Now, admittedly, this is a little silly, but true.
For most of my life, I have had one or two good friends.
Even though I don’t see them every day, I know they will always be with me
(since we do have some miles separating us). But do you know what I’m missing?
Friends I can actually hang out with and see on a regular basis.
Part of it is my fault, I’m sure – I’m very much a homebody,
someone who likes to make things, watch movies, and things like that. There are
many people who can do this as well as having a burgeoning group of friends.
As a kid, I suffered from social anxiety. I didn’t really
want to be around people, and thus didn’t have a whole lot of friends like
everybody else. As I grew up, I grew out of it, but I think the scars are still
there.
Does that make me weird? Probably. The funny part about all
of this is I actually really love people, I just don’t know how to meet them
and build up the great relationships it seems like everyone has but me.
A few years ago, I thought I had a lot of friends… except
these were only people I saw at the bar once a week, who never talked to me
outside of it. Now that I don’t go to the bar nearly as often, it’s like I don’t
exist. And if that’s the case, I feel okay about it. Someone told me the
difference between ‘bar friends’ and ‘real friends’ once. And until you’ve
lived it for yourself, it doesn’t make any sense. But let me tell you, there is
a marked difference between the two.
I don’t exactly know how I wound up in this place. Maybe it
was too many years of being introverted and wanting to make things more than
wanting to go out. And in a lot of ways, that’s what it feels like.

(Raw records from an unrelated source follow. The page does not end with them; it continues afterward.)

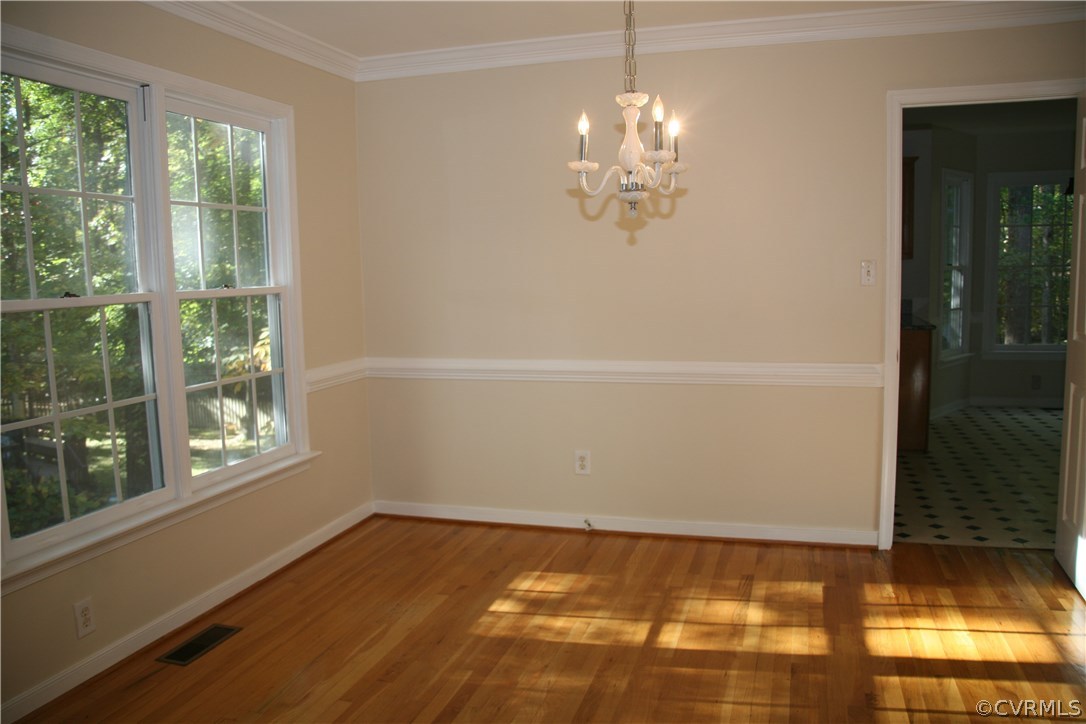 5806 Rosebay Forest Road Midlothian, VA 23112 - Photo 7 of 39 Gallery Image 7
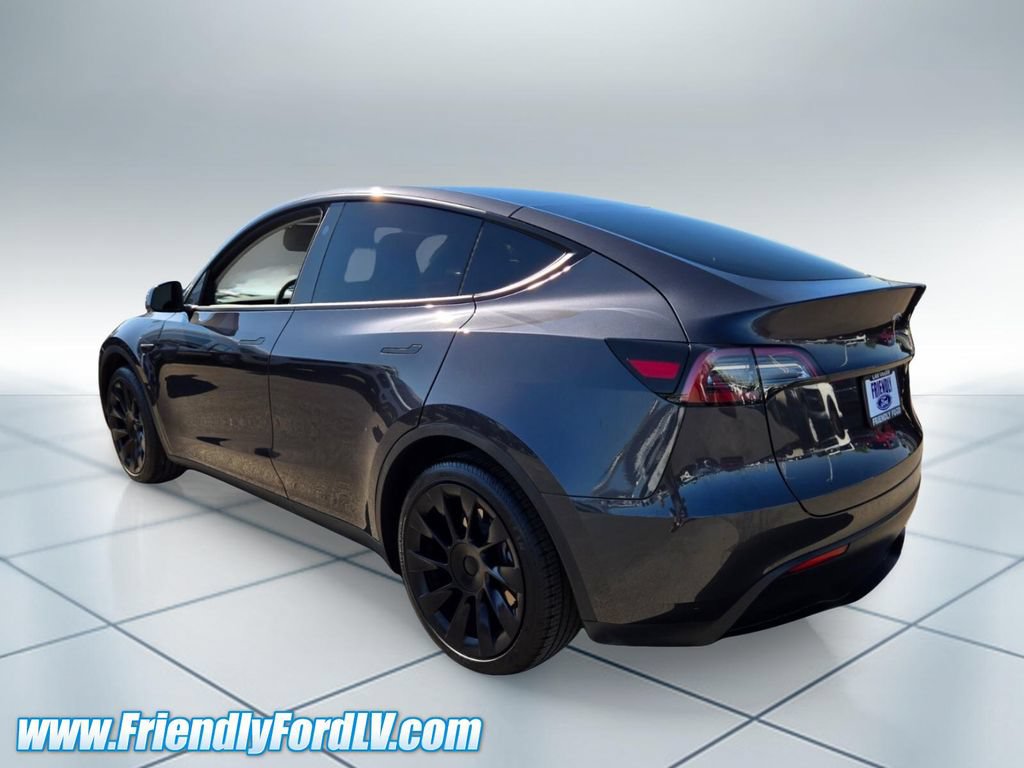 Used 2024 Tesla Model Y Long Range RWD image 5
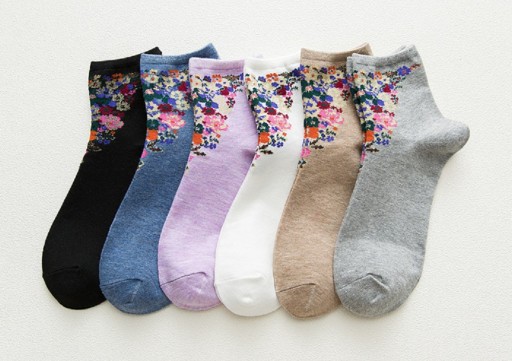 Damensocken mit Blumen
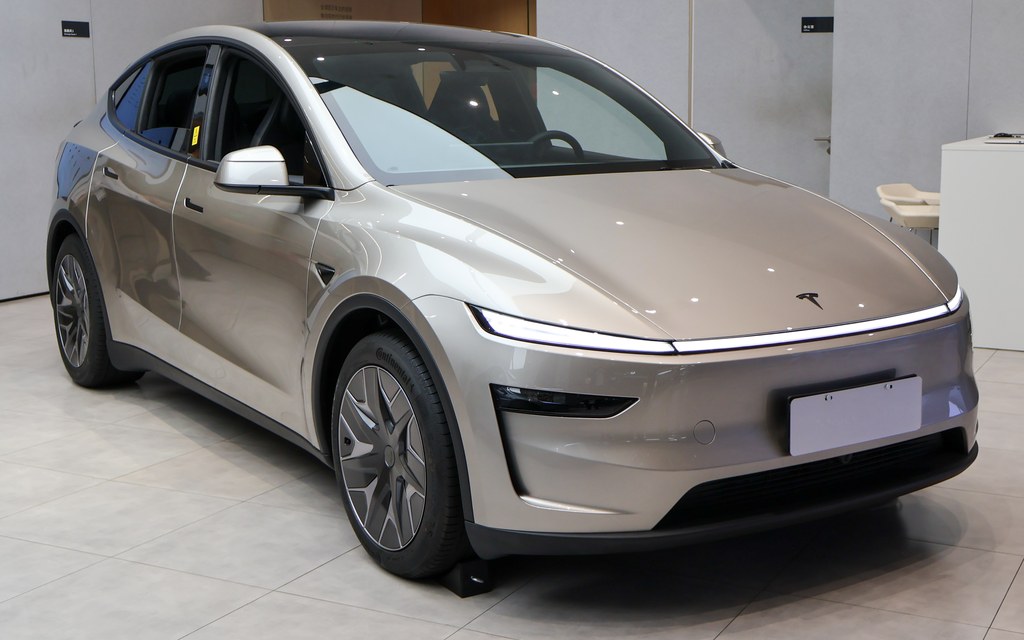 Model Y Premium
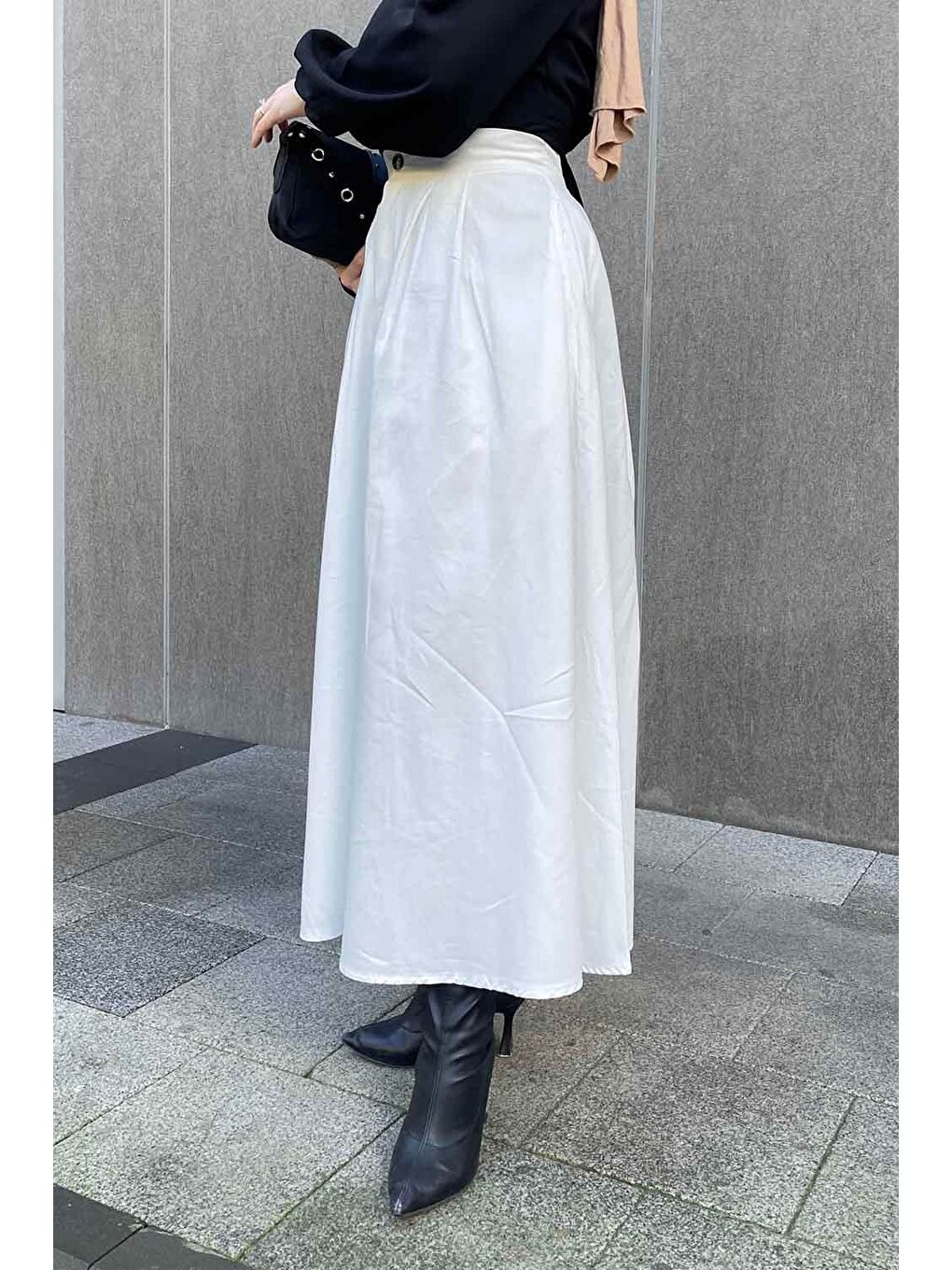 Cep Detaylı Kloş Keten Etek Beyaz-2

I may not have many friends, but I have a lot to be thankful
for in that I have a good job, business, family, and pets who I absolutely
love. But that’s not all I need. Of course, there are a lot of successful
people who don’t have a lot of friends but have a successful life. I think I
would fit into this group.
When most people want to get out and meet people here in
Wisconsin, they go to the bar. But where are you supposed to go when you’re
over the bar life? How do you have those magic moments with people and wind up
with lifelong friends? That’s what I’m trying to figure out.